_Stored records_.
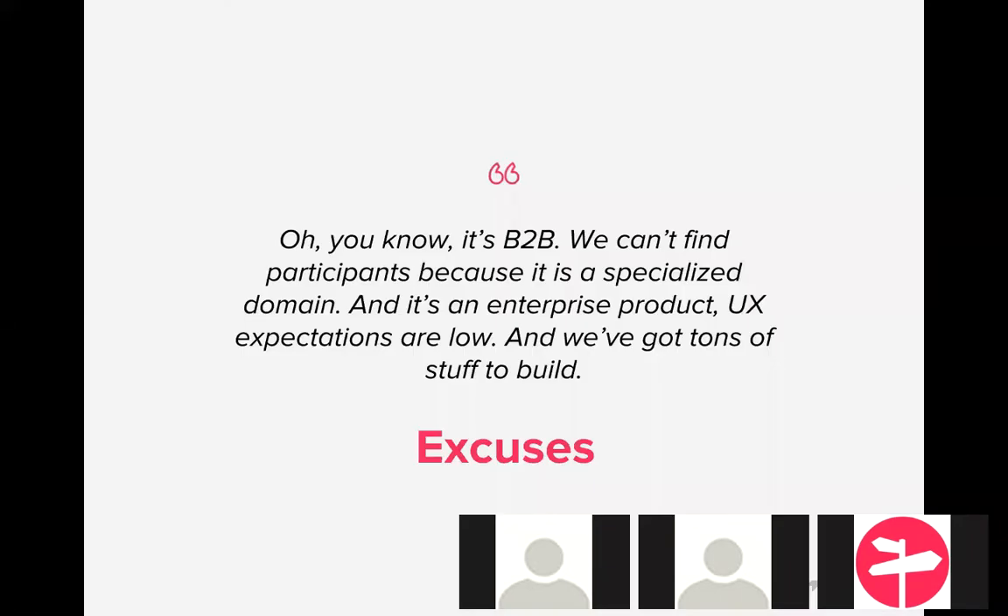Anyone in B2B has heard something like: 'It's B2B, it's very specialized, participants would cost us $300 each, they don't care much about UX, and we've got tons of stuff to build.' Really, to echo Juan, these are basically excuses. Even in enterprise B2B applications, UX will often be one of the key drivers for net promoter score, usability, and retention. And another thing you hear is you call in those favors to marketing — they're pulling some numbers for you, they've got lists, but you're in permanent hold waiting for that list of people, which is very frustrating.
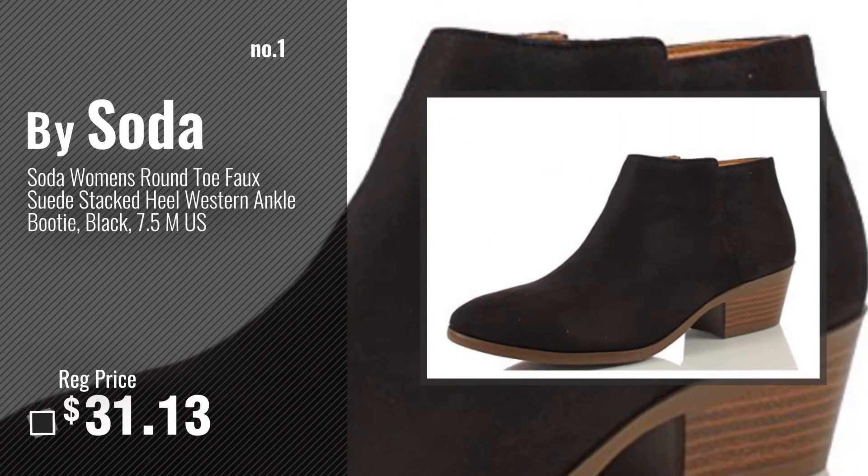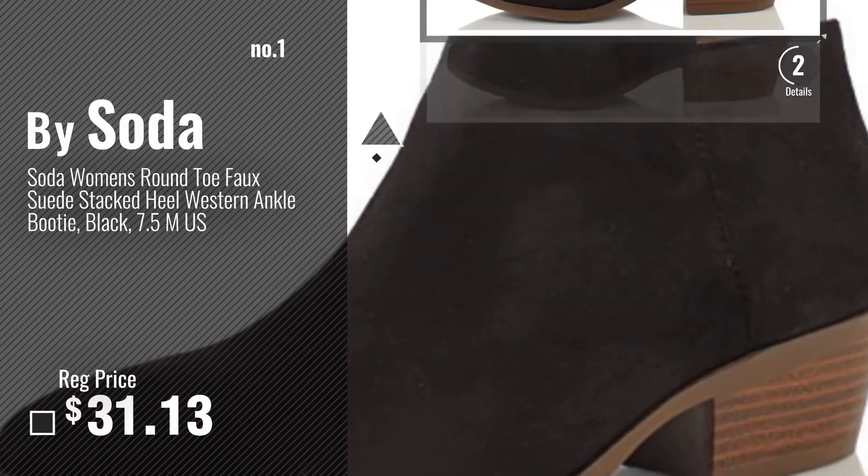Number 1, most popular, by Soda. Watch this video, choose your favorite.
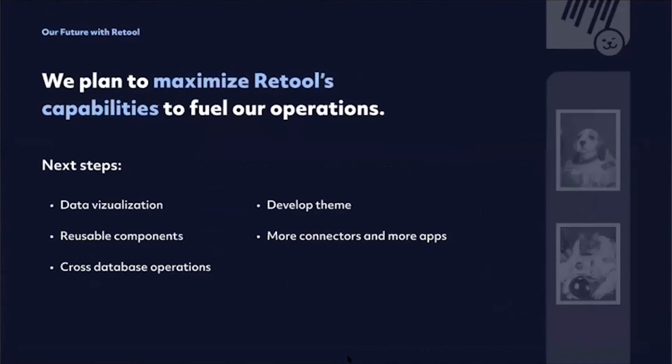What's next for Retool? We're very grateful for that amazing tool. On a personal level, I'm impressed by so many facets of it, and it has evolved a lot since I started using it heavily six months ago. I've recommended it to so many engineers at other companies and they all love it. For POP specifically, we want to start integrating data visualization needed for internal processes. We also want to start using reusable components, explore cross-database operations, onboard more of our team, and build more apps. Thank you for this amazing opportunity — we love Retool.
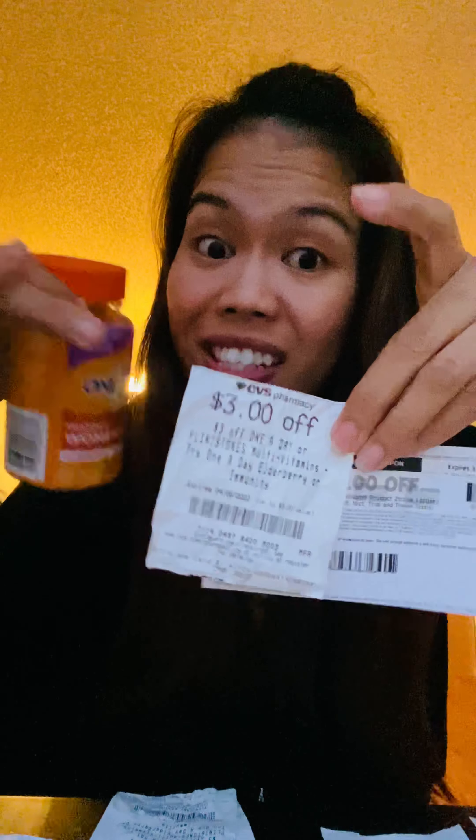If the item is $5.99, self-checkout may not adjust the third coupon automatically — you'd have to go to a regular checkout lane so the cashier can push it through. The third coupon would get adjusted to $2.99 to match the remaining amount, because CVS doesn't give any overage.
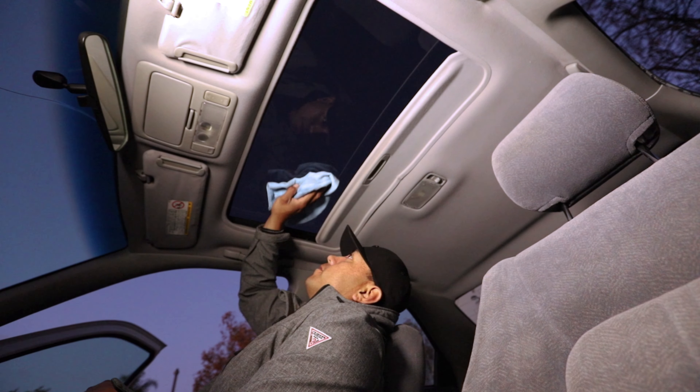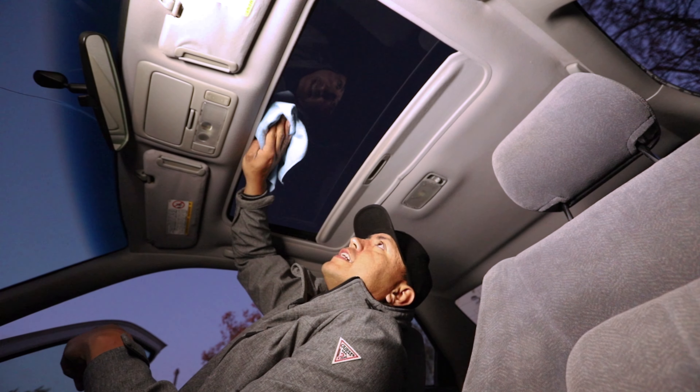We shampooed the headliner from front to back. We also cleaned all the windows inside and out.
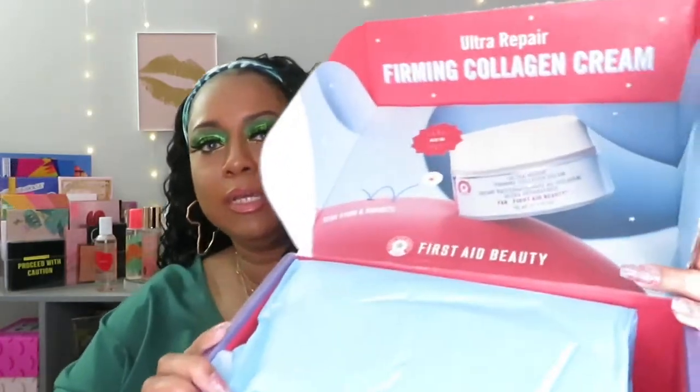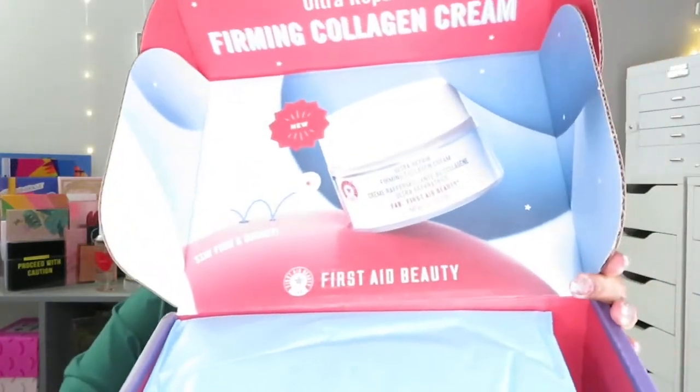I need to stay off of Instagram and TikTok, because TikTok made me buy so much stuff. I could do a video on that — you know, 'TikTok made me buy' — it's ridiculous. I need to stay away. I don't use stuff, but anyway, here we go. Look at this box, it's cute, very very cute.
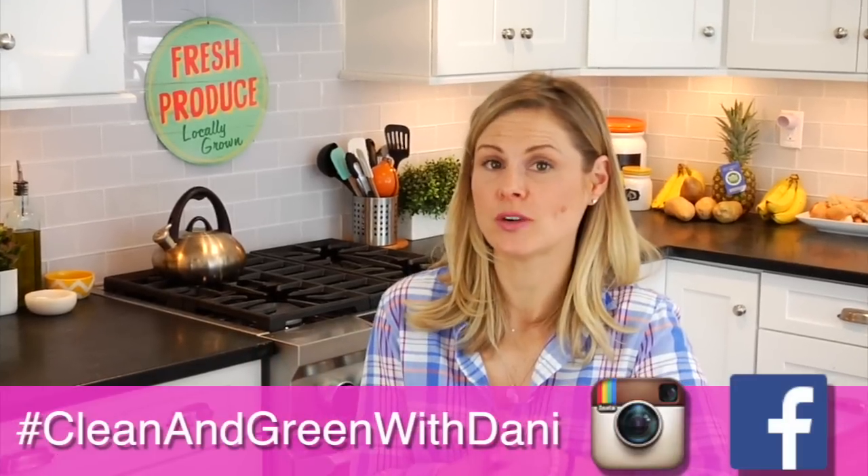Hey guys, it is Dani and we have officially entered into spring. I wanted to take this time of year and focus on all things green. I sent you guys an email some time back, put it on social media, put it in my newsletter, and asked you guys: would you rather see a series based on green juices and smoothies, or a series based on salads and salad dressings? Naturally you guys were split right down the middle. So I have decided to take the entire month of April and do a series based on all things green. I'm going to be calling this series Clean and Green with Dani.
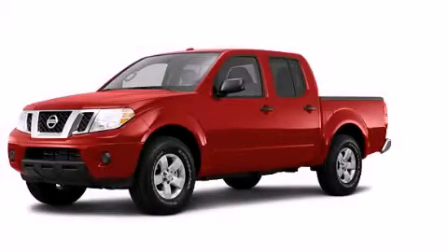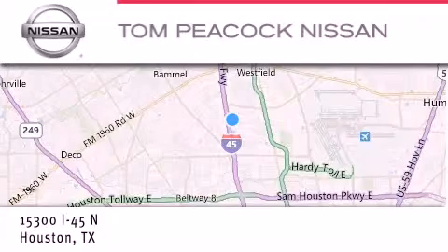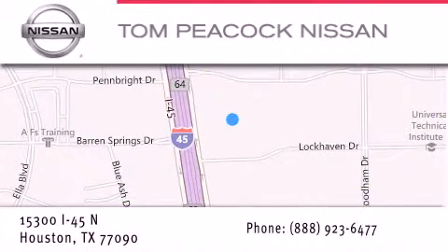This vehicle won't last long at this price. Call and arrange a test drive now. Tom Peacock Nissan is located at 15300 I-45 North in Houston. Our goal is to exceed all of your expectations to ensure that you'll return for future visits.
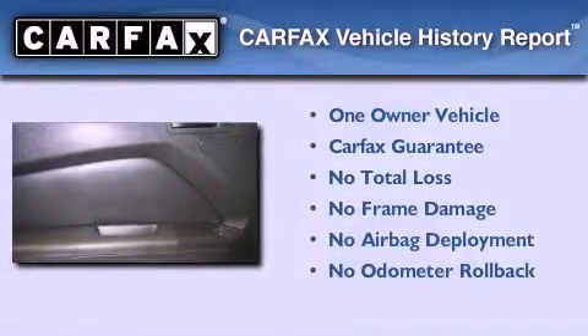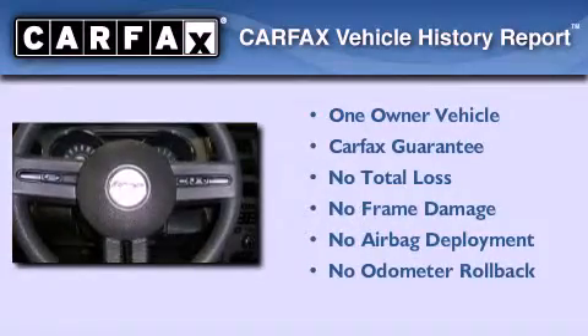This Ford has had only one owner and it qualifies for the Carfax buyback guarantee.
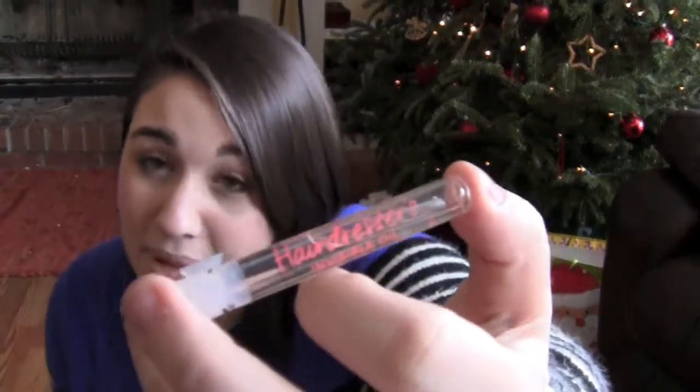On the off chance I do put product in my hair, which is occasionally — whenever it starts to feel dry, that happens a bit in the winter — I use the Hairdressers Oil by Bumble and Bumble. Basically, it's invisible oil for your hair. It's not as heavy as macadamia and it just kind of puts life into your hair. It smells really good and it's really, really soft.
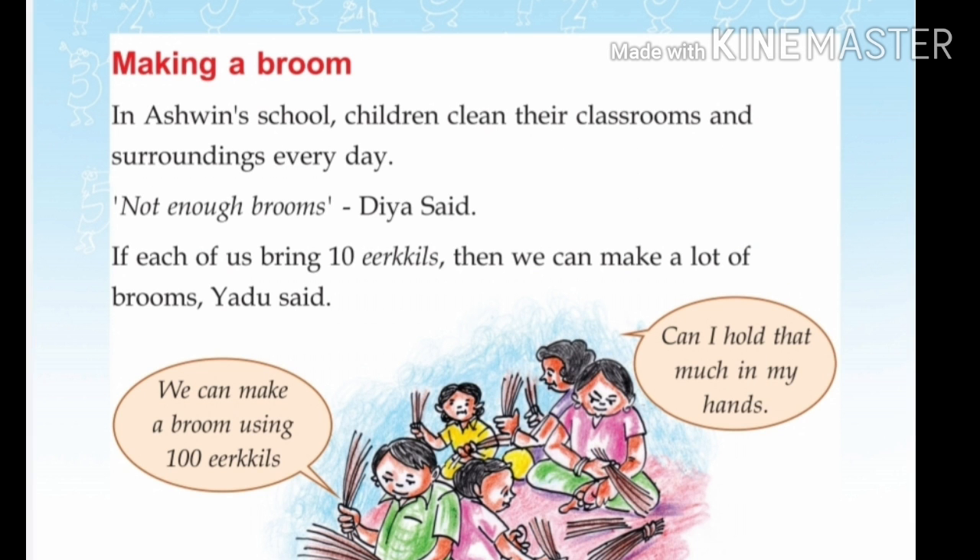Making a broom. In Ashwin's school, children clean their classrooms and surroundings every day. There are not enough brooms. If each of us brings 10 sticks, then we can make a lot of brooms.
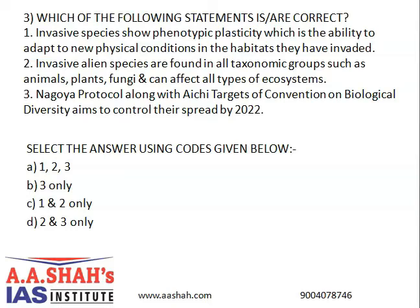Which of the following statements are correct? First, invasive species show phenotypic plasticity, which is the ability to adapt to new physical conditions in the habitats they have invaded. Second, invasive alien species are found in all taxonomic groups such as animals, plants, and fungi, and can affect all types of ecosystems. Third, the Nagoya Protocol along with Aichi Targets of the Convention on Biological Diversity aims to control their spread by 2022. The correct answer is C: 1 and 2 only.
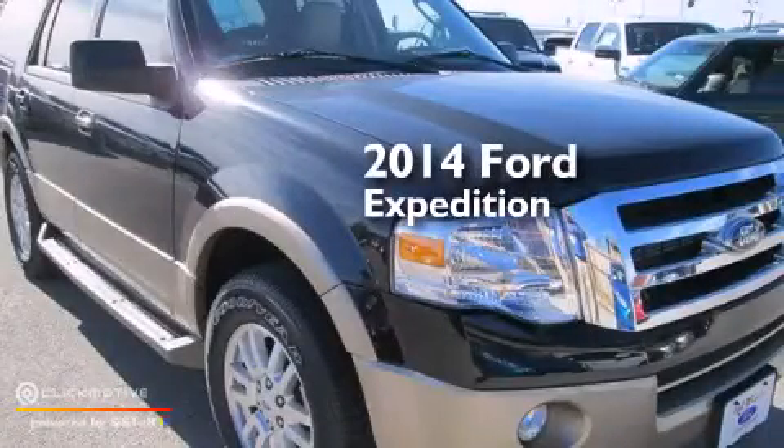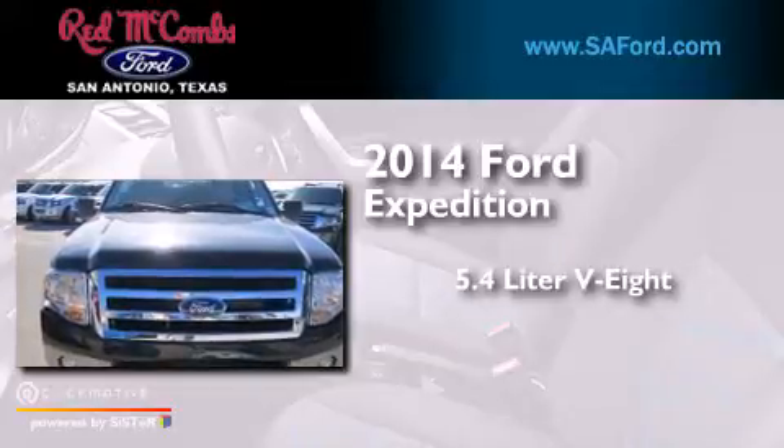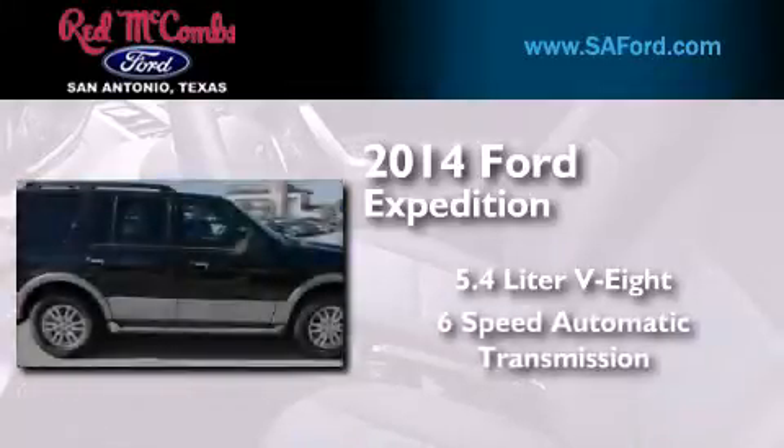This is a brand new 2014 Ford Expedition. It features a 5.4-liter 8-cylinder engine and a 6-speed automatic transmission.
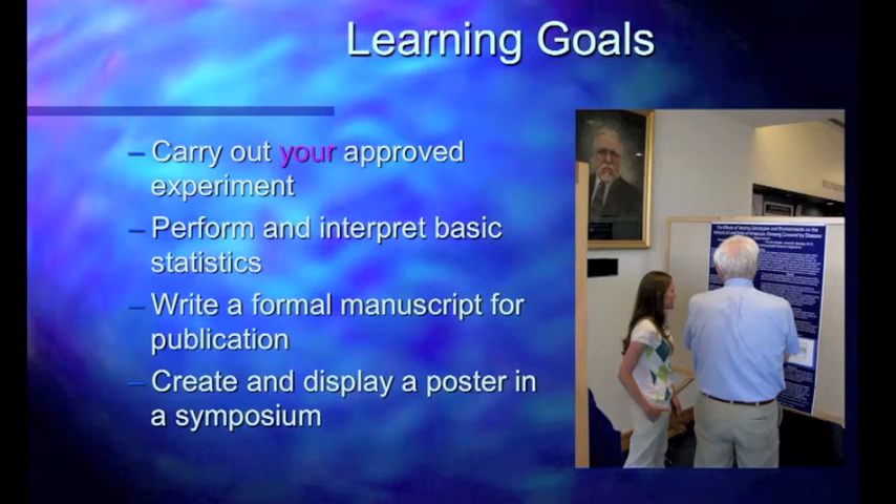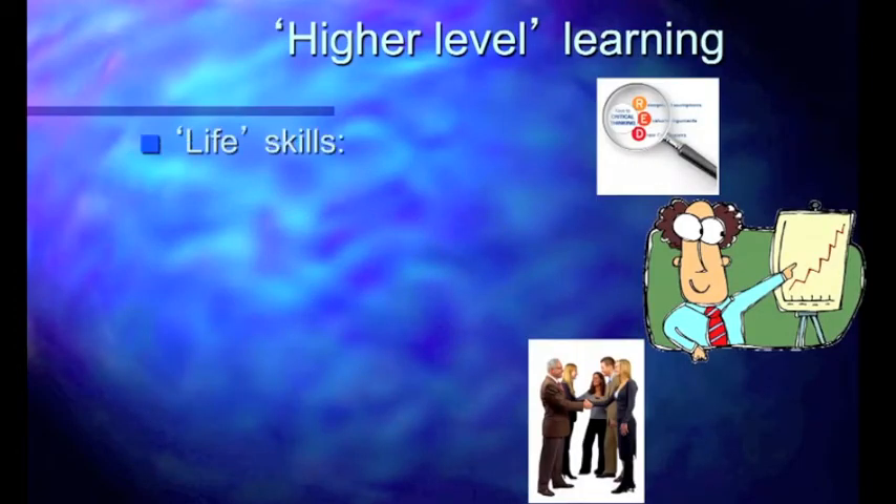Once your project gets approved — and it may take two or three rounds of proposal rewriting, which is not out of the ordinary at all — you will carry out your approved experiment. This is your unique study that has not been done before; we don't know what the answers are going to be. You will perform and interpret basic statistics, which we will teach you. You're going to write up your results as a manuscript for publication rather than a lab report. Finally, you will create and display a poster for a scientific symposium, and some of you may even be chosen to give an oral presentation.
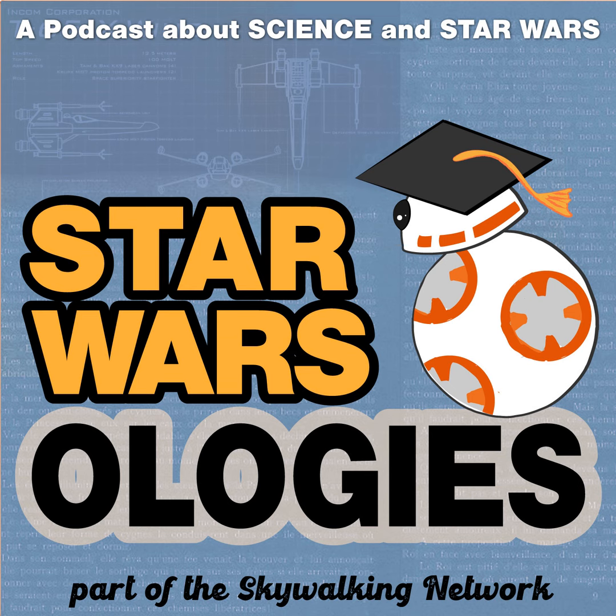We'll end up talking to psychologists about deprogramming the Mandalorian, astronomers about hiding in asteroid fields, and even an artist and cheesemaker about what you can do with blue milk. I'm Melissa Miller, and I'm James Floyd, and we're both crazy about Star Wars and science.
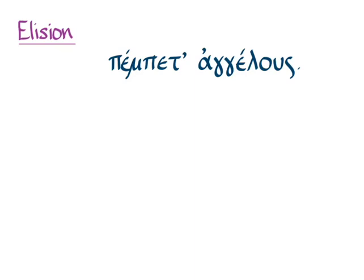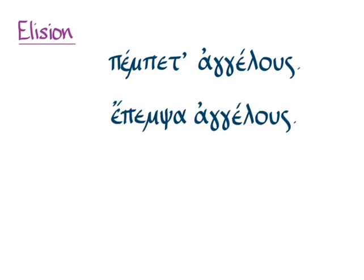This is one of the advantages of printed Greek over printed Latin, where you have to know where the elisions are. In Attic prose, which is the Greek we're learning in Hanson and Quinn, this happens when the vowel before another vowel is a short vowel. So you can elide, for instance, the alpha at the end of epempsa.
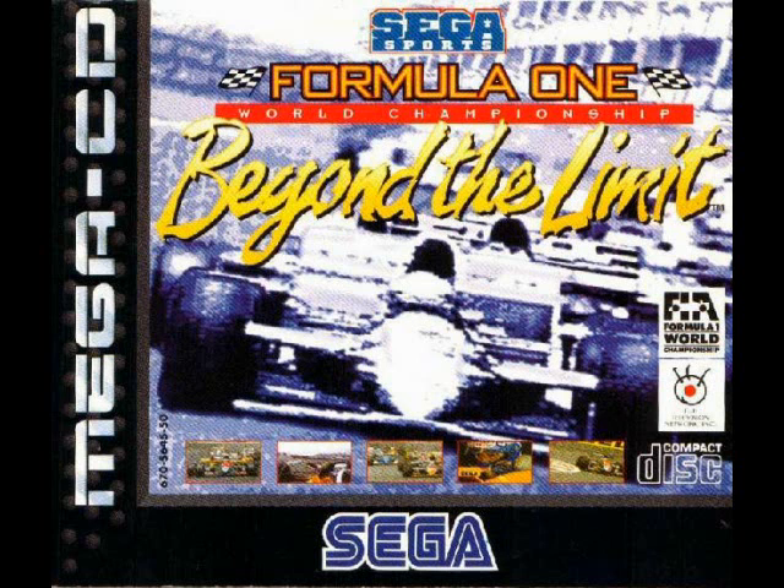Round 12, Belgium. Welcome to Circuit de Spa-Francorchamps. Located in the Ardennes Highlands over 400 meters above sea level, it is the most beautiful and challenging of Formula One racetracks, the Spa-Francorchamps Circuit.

_To do_. Reproduce the data above exactly, leaving each picture out.

_Output for this exercise_.
Anyone in B2B has heard something like: 'It's B2B, it's very specialized, participants would cost us $300 each, they don't care much about UX, and we've got tons of stuff to build.' Really, to echo Juan, these are basically excuses. Even in enterprise B2B applications, UX will often be one of the key drivers for net promoter score, usability, and retention. And another thing you hear is you call in those favors to marketing — they're pulling some numbers for you, they've got lists, but you're in permanent hold waiting for that list of people, which is very frustrating.
Number 1, most popular, by Soda. Watch this video, choose your favorite.
What's next for Retool? We're very grateful for that amazing tool. On a personal level, I'm impressed by so many facets of it, and it has evolved a lot since I started using it heavily six months ago. I've recommended it to so many engineers at other companies and they all love it. For POP specifically, we want to start integrating data visualization needed for internal processes. We also want to start using reusable components, explore cross-database operations, onboard more of our team, and build more apps. Thank you for this amazing opportunity — we love Retool.
If the item is $5.99, self-checkout may not adjust the third coupon automatically — you'd have to go to a regular checkout lane so the cashier can push it through. The third coupon would get adjusted to $2.99 to match the remaining amount, because CVS doesn't give any overage.
We shampooed the headliner from front to back. We also cleaned all the windows inside and out.
I need to stay off of Instagram and TikTok, because TikTok made me buy so much stuff. I could do a video on that — you know, 'TikTok made me buy' — it's ridiculous. I need to stay away. I don't use stuff, but anyway, here we go. Look at this box, it's cute, very very cute.
Hey guys, it is Dani and we have officially entered into spring. I wanted to take this time of year and focus on all things green. I sent you guys an email some time back, put it on social media, put it in my newsletter, and asked you guys: would you rather see a series based on green juices and smoothies, or a series based on salads and salad dressings? Naturally you guys were split right down the middle. So I have decided to take the entire month of April and do a series based on all things green. I'm going to be calling this series Clean and Green with Dani.
This vehicle won't last long at this price. Call and arrange a test drive now. Tom Peacock Nissan is located at 15300 I-45 North in Houston. Our goal is to exceed all of your expectations to ensure that you'll return for future visits.
This Ford has had only one owner and it qualifies for the Carfax buyback guarantee.
On the off chance I do put product in my hair, which is occasionally — whenever it starts to feel dry, that happens a bit in the winter — I use the Hairdressers Oil by Bumble and Bumble. Basically, it's invisible oil for your hair. It's not as heavy as macadamia and it just kind of puts life into your hair. It smells really good and it's really, really soft.
Making a broom. In Ashwin's school, children clean their classrooms and surroundings every day. There are not enough brooms. If each of us brings 10 sticks, then we can make a lot of brooms.
Which of the following statements are correct? First, invasive species show phenotypic plasticity, which is the ability to adapt to new physical conditions in the habitats they have invaded. Second, invasive alien species are found in all taxonomic groups such as animals, plants, and fungi, and can affect all types of ecosystems. Third, the Nagoya Protocol along with Aichi Targets of the Convention on Biological Diversity aims to control their spread by 2022. The correct answer is C: 1 and 2 only.
This is a brand new 2014 Ford Expedition. It features a 5.4-liter 8-cylinder engine and a 6-speed automatic transmission.
Once your project gets approved — and it may take two or three rounds of proposal rewriting, which is not out of the ordinary at all — you will carry out your approved experiment. This is your unique study that has not been done before; we don't know what the answers are going to be. You will perform and interpret basic statistics, which we will teach you. You're going to write up your results as a manuscript for publication rather than a lab report. Finally, you will create and display a poster for a scientific symposium, and some of you may even be chosen to give an oral presentation.
We'll end up talking to psychologists about deprogramming the Mandalorian, astronomers about hiding in asteroid fields, and even an artist and cheesemaker about what you can do with blue milk. I'm Melissa Miller, and I'm James Floyd, and we're both crazy about Star Wars and science.
This is one of the advantages of printed Greek over printed Latin, where you have to know where the elisions are. In Attic prose, which is the Greek we're learning in Hanson and Quinn, this happens when the vowel before another vowel is a short vowel. So you can elide, for instance, the alpha at the end of epempsa.
Round 12, Belgium. Welcome to Circuit de Spa-Francorchamps. Located in the Ardennes Highlands over 400 meters above sea level, it is the most beautiful and challenging of Formula One racetracks, the Spa-Francorchamps Circuit.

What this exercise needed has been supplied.